■ **How to complete this task**:
Every line from the one with "Ceramiczne trio naczyń" to the final line of the records should be printed exactly as it is, with pictures left out.

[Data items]
★ ★ ★ ★ ★
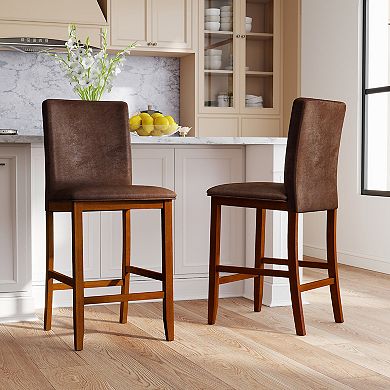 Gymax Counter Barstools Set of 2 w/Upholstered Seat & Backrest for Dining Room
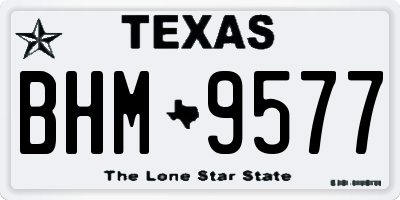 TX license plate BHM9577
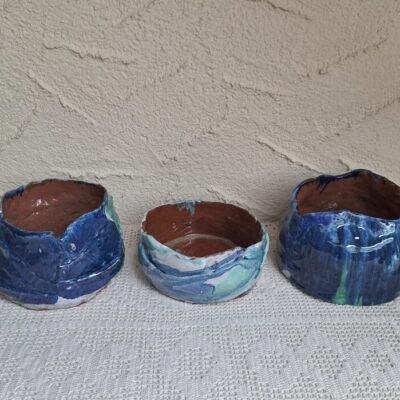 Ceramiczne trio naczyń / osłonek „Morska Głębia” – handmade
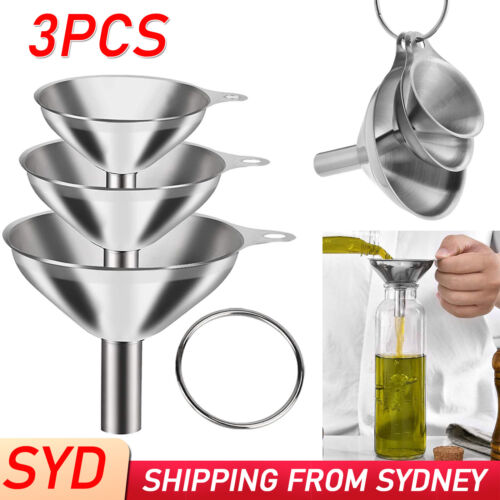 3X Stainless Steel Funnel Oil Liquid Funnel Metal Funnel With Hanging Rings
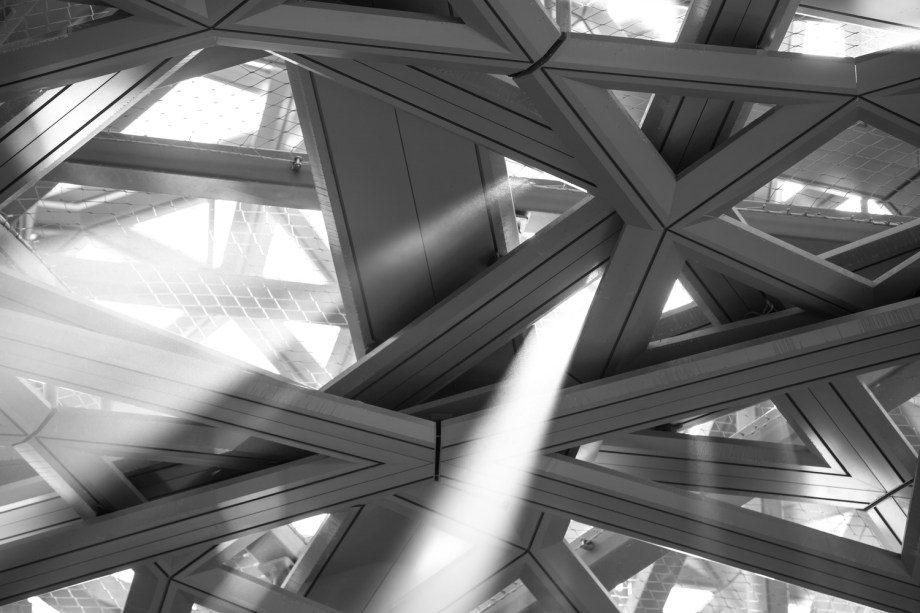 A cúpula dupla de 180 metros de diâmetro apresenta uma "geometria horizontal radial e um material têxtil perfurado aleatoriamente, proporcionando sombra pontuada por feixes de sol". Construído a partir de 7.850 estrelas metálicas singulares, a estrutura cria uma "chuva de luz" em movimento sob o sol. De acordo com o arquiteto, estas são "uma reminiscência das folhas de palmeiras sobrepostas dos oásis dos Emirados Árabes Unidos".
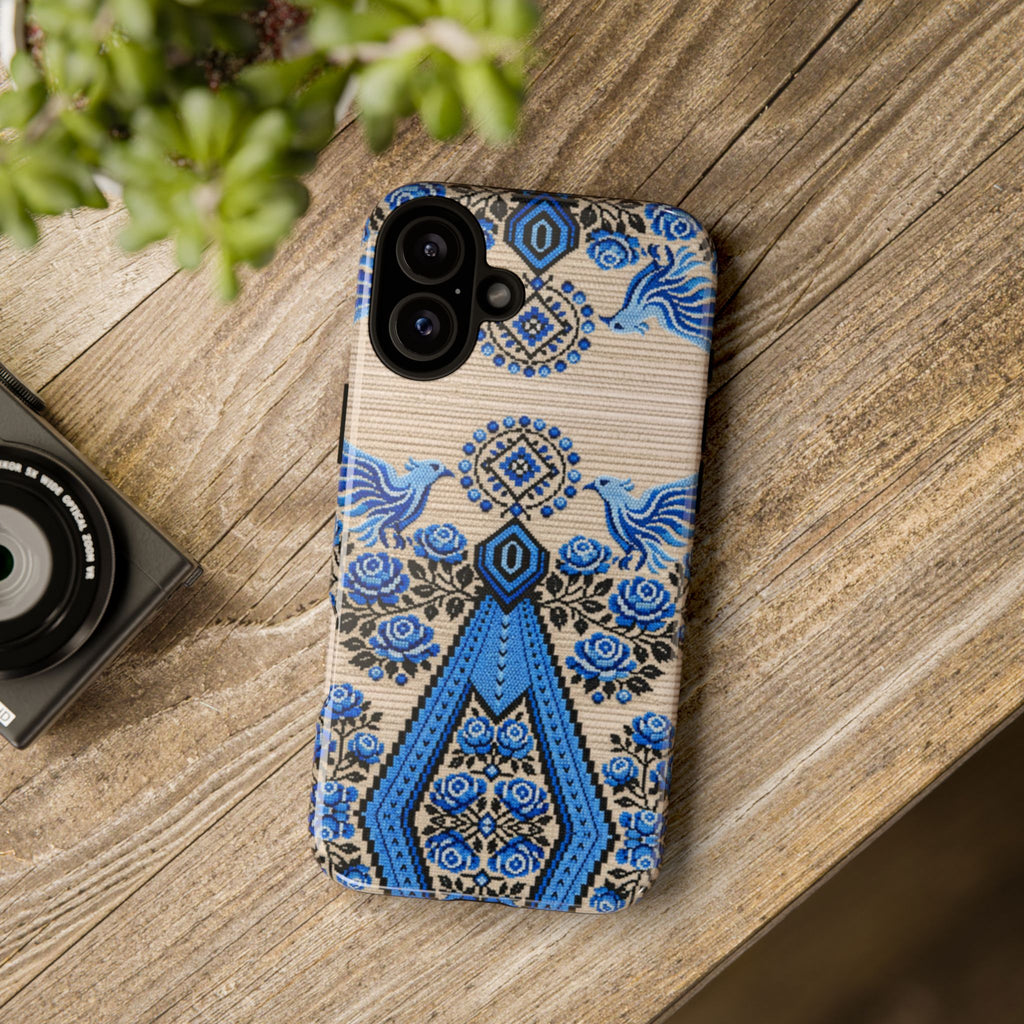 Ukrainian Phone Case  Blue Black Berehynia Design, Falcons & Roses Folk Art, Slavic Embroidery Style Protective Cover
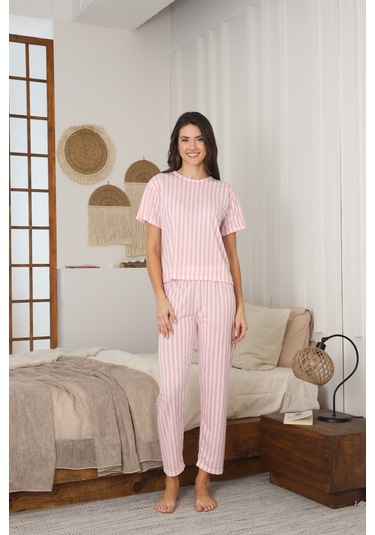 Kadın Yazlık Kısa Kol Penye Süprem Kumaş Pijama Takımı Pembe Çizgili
★ ★ ★ ★ ★
■ **Solution to the problem**:
 Ceramiczne trio naczyń / osłonek „Morska Głębia” – handmade
 3X Stainless Steel Funnel Oil Liquid Funnel Metal Funnel With Hanging Rings
 A cúpula dupla de 180 metros de diâmetro apresenta uma "geometria horizontal radial e um material têxtil perfurado aleatoriamente, proporcionando sombra pontuada por feixes de sol". Construído a partir de 7.850 estrelas metálicas singulares, a estrutura cria uma "chuva de luz" em movimento sob o sol. De acordo com o arquiteto, estas são "uma reminiscência das folhas de palmeiras sobrepostas dos oásis dos Emirados Árabes Unidos".
 Ukrainian Phone Case  Blue Black Berehynia Design, Falcons & Roses Folk Art, Slavic Embroidery Style Protective Cover
 Kadın Yazlık Kısa Kol Penye Süprem Kumaş Pijama Takımı Pembe Çizgili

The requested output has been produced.